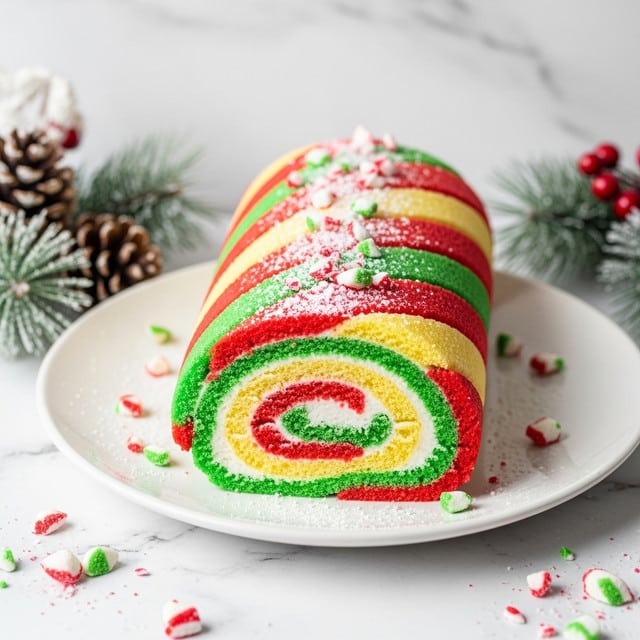The image shows a rolled cake with three visible layers on the outside, alternating red, green, and light yellow colors in wide diagonal stripes. Inside, the cake is rolled with a layer of white cream filling that spirals through the red, green, and yellow cake layers. The cake surface has a dusting of powdered sugar and small pieces of crushed candy scattered on top and around the white plate it sits on. The background has a white marbled texture with holiday decorations like pine cones and frosted pine branches near the cake. The photo is taken with an iphone --ar 4:5 --v 7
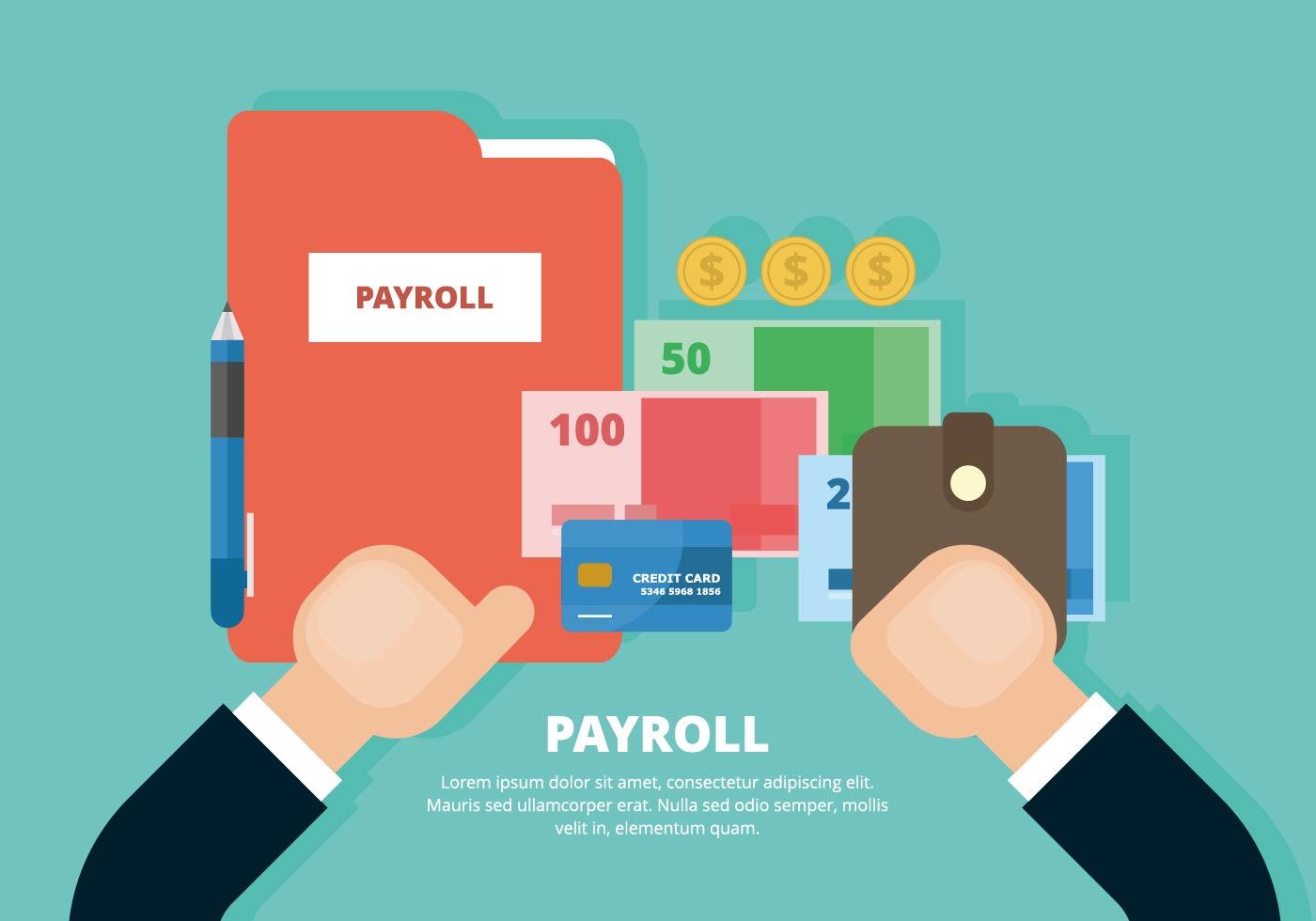 Free Payroll Illustration with flat color – Free PNG Images Vector, PSD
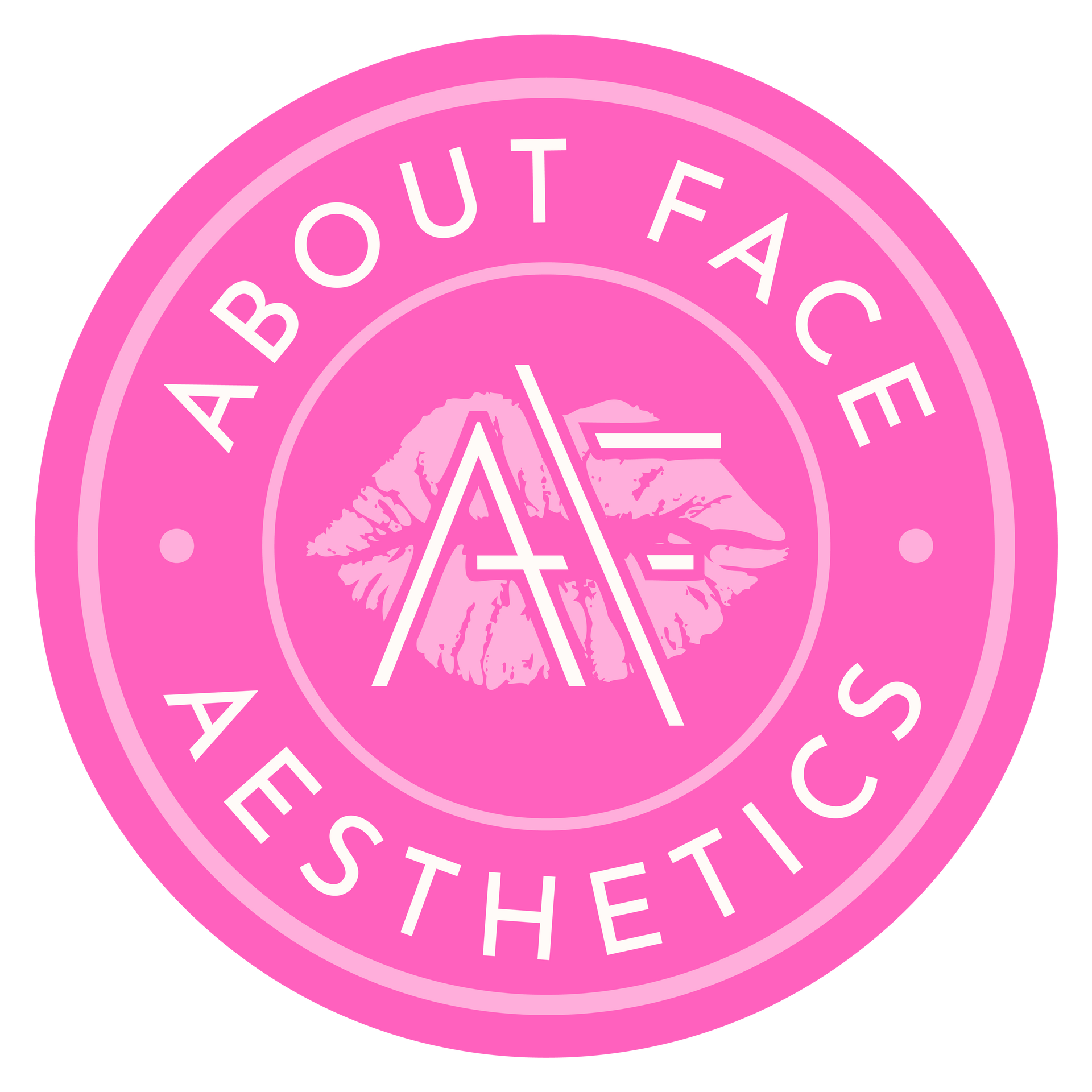 A pink circle with the words about face aesthetics inside of it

---------------

§ Directions for this task:
Your answer must be the lines from the one containing "Free Payroll Illustration" through the last line of the listing above, restated word for word, with no pictures.

§ Answer space:
 Free Payroll Illustration with flat color – Free PNG Images Vector, PSD
 A pink circle with the words about face aesthetics inside of it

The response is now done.